• Exercise goal: Find out how many lines of the listing below include "dressed" and report only that number.

--- START ---

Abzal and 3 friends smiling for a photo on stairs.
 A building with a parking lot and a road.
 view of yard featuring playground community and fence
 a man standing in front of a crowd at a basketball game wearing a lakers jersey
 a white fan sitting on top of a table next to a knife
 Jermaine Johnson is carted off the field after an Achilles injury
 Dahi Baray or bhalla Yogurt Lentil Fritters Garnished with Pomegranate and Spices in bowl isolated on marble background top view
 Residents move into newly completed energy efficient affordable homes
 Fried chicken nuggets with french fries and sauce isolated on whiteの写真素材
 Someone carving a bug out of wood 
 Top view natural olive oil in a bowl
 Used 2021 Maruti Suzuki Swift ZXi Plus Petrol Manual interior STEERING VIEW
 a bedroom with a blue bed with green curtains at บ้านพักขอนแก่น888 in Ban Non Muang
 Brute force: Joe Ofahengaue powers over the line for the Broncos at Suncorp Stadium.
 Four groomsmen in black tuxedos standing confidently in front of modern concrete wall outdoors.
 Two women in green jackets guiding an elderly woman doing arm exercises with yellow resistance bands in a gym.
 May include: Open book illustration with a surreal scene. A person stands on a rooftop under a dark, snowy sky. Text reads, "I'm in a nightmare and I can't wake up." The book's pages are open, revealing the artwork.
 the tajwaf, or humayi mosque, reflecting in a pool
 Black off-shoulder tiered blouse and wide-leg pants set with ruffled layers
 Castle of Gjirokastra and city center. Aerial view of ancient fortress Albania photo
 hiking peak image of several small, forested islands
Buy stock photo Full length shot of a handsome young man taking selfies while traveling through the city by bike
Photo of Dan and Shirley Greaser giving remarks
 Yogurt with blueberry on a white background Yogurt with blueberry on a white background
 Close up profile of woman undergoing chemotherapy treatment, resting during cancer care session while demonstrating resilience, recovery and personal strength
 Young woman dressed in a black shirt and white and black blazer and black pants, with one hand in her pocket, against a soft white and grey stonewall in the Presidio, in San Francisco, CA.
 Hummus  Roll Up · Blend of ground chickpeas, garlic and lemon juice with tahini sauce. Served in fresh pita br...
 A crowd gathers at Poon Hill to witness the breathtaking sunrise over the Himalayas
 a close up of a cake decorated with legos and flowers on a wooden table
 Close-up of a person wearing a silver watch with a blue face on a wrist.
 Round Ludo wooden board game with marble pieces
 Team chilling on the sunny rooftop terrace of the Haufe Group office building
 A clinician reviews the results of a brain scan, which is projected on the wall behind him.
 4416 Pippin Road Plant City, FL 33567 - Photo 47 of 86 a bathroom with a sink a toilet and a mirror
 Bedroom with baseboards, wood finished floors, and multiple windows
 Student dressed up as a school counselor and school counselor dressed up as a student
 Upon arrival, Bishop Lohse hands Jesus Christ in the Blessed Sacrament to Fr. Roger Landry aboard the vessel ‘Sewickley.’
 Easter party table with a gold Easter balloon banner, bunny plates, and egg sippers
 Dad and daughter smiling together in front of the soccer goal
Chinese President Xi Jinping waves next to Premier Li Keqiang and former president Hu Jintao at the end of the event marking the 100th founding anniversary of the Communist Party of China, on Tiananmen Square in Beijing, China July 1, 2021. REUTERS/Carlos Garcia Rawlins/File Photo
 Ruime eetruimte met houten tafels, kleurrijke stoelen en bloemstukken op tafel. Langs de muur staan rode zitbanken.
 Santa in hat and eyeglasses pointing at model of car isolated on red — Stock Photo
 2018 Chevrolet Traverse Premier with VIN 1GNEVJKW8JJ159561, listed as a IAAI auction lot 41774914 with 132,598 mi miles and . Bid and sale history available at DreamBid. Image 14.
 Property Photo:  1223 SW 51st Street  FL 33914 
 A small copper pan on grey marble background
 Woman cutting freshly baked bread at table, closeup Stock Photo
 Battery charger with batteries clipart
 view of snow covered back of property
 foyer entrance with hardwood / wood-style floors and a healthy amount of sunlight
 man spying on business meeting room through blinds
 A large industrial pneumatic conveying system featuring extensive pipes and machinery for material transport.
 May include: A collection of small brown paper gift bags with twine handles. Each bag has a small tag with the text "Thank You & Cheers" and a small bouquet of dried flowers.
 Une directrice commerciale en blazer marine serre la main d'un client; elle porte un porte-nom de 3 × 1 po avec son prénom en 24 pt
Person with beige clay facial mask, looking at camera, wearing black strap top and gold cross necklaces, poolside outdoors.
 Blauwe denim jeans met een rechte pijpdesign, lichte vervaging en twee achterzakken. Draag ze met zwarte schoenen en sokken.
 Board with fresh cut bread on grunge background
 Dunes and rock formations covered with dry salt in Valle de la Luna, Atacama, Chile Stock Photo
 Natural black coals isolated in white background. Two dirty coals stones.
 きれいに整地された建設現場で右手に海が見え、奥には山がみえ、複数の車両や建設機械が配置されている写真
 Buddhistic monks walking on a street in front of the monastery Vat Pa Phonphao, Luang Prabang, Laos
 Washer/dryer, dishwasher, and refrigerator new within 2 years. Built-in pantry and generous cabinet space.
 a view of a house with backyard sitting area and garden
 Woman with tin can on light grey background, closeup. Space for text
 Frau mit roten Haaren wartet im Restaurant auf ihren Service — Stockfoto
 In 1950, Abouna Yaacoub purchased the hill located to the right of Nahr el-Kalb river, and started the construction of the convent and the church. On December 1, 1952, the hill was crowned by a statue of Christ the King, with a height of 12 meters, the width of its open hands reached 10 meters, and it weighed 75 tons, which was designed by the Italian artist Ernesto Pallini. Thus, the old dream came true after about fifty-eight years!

--- END ---

• Final answer: 2